Just Friday, the government apparently agreed to help rescue the Long-Term Credit Bank of Japan by subsidizing its takeover by Sumitomo Trust & Banking, averting what might otherwise have been Japan's largest corporate failure since World War II.

Nevertheless, the Japanese government says a serious nationwide credit crunch has frozen even healthy businesses out of loans they need to cover operating costs as banks nationwide comply with stricter reserve and capital-adequacy requirements and impose greater scrutiny on new loans. The weaker the yen, the worse the problem; a strong dollar inflates the yen value of the banks' overseas assets, hiking the amount of capital they are required to have on hand.

The government is expected to announce this week a plan for a government-operated "bridge bank" to tide over healthier borrowers. (Bank deposits are insured by the government through 2001.) But few details have been disclosed about how such a bank would work or of criteria for the government loans.

No one can say precisely how much in bad loans Japan's financial institutions carry, and that's part of the problem. The major banks have disclosed loans of about $86 billion so bad they are likely to be sold or written off by a sort of government collection agency. An additional $464 billion of loans, however, warrant further review; that hazy, so-called second category of loans includes both healthy and weak borrowers, the banks say. Borrowers in this enormous "gray zone" are the ones in the most danger.

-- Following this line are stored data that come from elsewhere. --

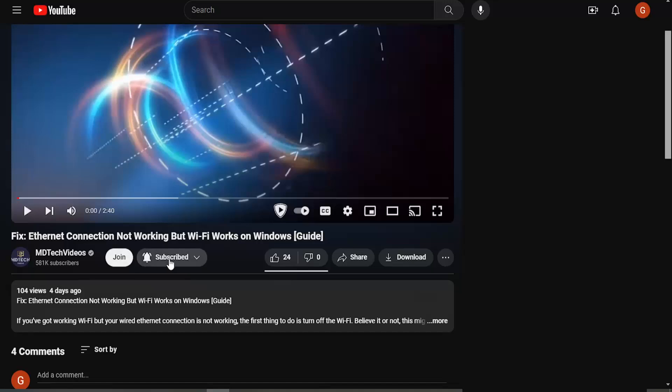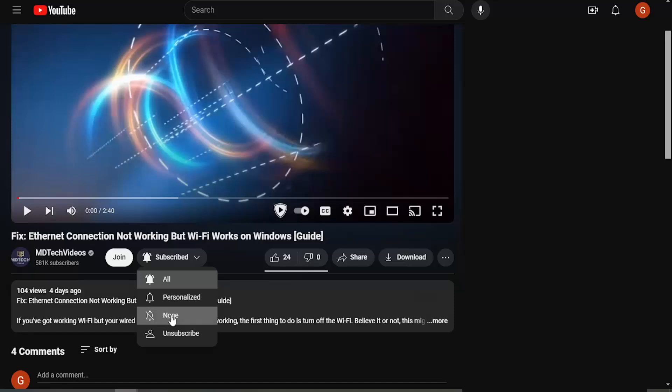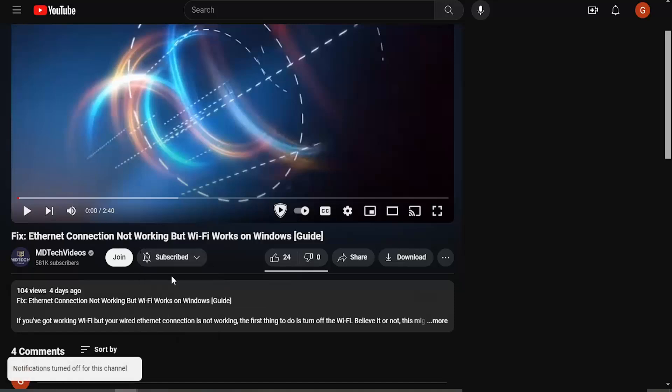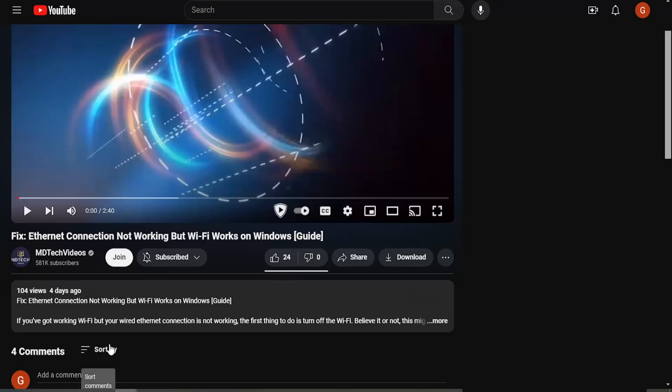You can click on the little arrow next to the word subscribe, click the little drop down arrow, and then you can select none. And that'll have a little bell with a line going through it, which will turn off notifications for that channel.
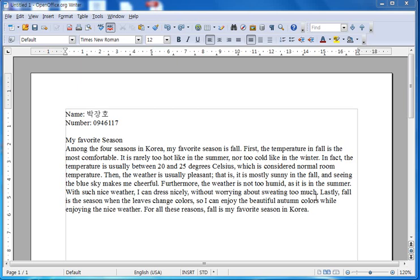This video will show you how to do the basic formatting for your assignment if you are using OpenOffice. First, notice that for the assignment I've already included my name, my student number.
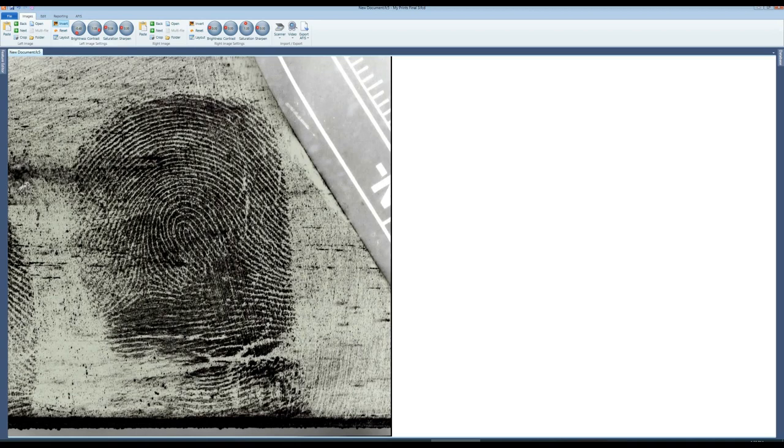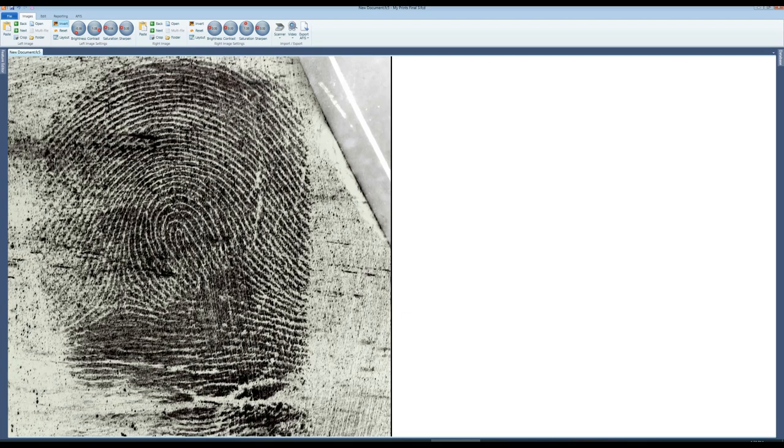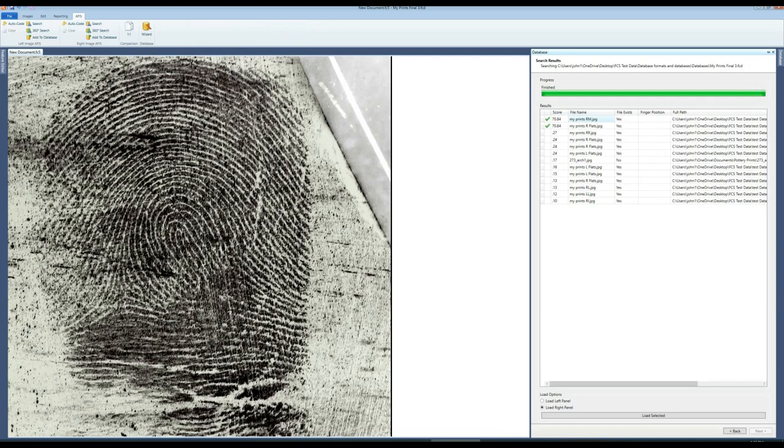When satisfied select APHIS to search the database. Results appear in the tab to the right of the screen. Select the first candidate to view.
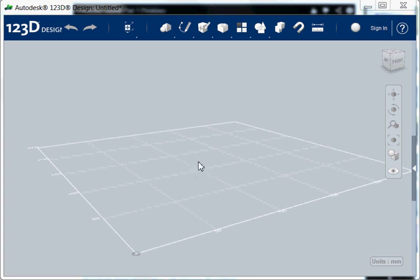Hello and welcome to my first tutorial on 123D design. 123D design is a freeware application for 3D design made by Autodesk, and I would like to show you some things on 3D modeling.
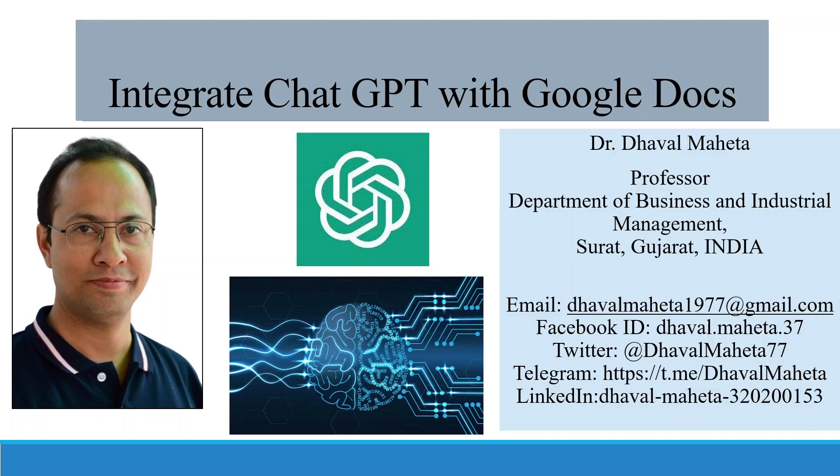Hello to all my viewers, this is Dr. Dhaval Mehta and today I will make you understand how to integrate ChatGPT with Google Docs.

"Some of the companies could recover if properly funded," said a government official. Citing the credit crunch caused by the collapse of Hokkaido Takushoku, which is known in Japan as Takugin, the official said, "We don't want to repeat that experience."

Of course, many think that if banks turn down customers, then market mechanisms are working exactly as they should. "A credit crunch means companies who shouldn't get credit won't," argued Alicia Ogawa, a banking analyst for Salomon Smith Barney in Tokyo.

But letting the companies fail has its price, as Hokkaido's experience shows. Because Japan's capital markets are poorly developed, most businesses depend on banks for financing. And like everything else in Japan, much of the banking business is based on long-cultivated, exclusive relationships. New alliances take time to forge.

Meanwhile, financial pressures are growing. Consumption in Japan has withered as worried homemakers tighten purse strings. The nation officially went into recession in the first quarter, contracting at an annual rate of 5.3%. Investment is drying up, and unemployment has hit a record postwar high of 4.2% nationwide.

If Japan grows at less than 1% this year, said Haruo Shimada, economics professor at Keio University, many of the borderline loans will assuredly turn sour.

Hokkaido has been particularly hard-hit. In April, bankruptcies soared 42% in Hokkaido compared with the year earlier, while those in the rest of Japan rose 1.2%, local development officials say. Since the November bank collapse, the liabilities of the bankrupt companies have tripled. The statistics actually understate the problem: For instance, the failed bank itself isn't listed as a bankruptcy because it is being absorbed, government officials say.

Now, Hokuyo Bank, the smaller bank that is taking over the failed bank's Hokkaido operations, holds in its hands the fate of many former Takugin borrowers, including a major department store and several prominent contractors, Hokkaido development officials say. Takugin had about $4.64 billion of questionable loans on Hokkaido. (An additional $8.57 billion of even worse loans will probably be written or sold off to the government.)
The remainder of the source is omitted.